───── Data shown

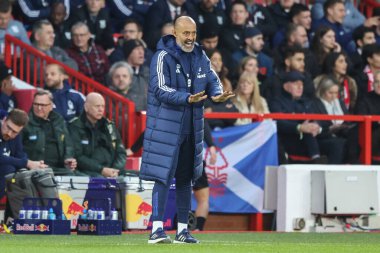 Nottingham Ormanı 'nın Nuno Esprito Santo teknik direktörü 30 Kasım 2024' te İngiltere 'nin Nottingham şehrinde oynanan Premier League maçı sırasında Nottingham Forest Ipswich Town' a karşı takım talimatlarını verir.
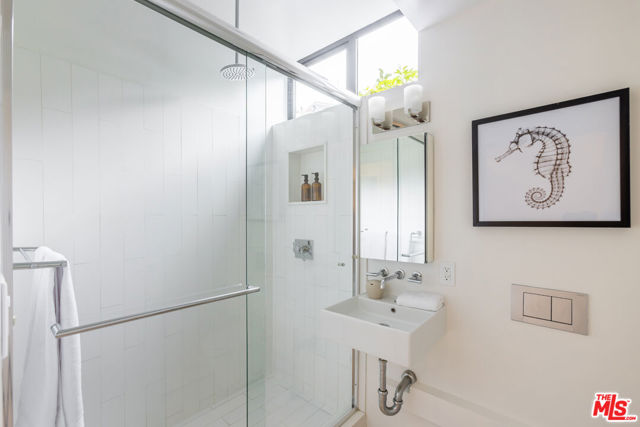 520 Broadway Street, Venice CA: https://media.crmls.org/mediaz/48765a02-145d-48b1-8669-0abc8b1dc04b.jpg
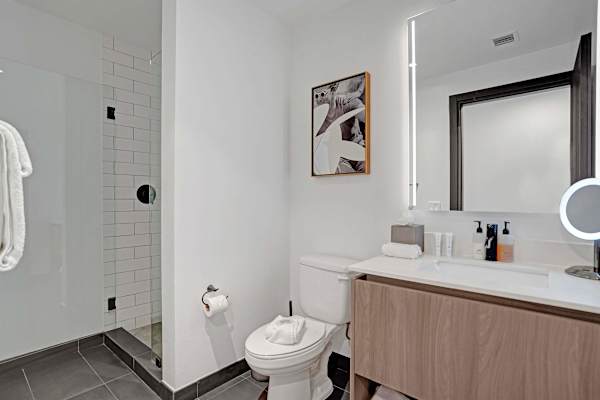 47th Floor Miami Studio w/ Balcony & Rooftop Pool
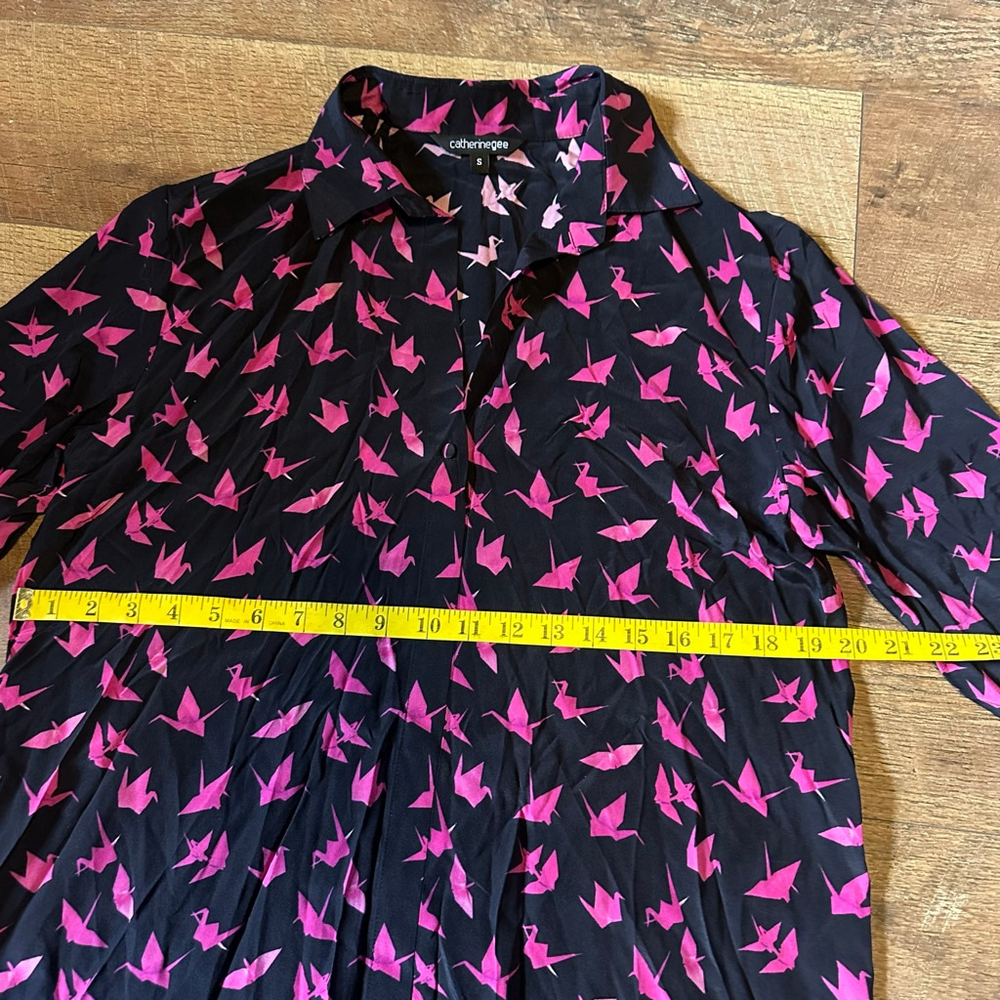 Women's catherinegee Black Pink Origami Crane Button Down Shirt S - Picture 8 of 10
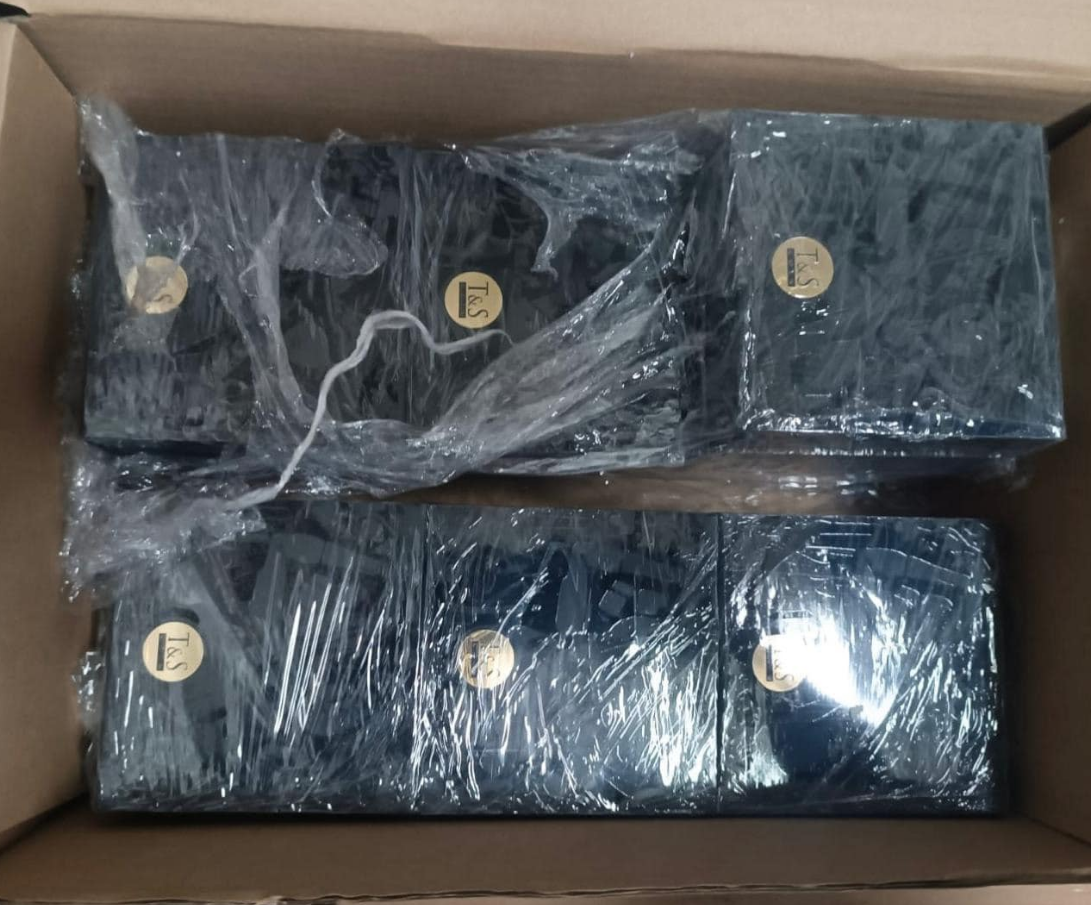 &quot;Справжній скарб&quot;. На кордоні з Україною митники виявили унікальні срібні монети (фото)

──────────

> [Problem to work on]
No pictures belong in the answer. It must repeat exactly the lines from the line with "520 Broadway Street, Venice" through the final line of the records.

> [Task solution]
 520 Broadway Street, Venice CA: https://media.crmls.org/mediaz/48765a02-145d-48b1-8669-0abc8b1dc04b.jpg
 47th Floor Miami Studio w/ Balcony & Rooftop Pool
 Women's catherinegee Black Pink Origami Crane Button Down Shirt S - Picture 8 of 10
 &quot;Справжній скарб&quot;. На кордоні з Україною митники виявили унікальні срібні монети (фото)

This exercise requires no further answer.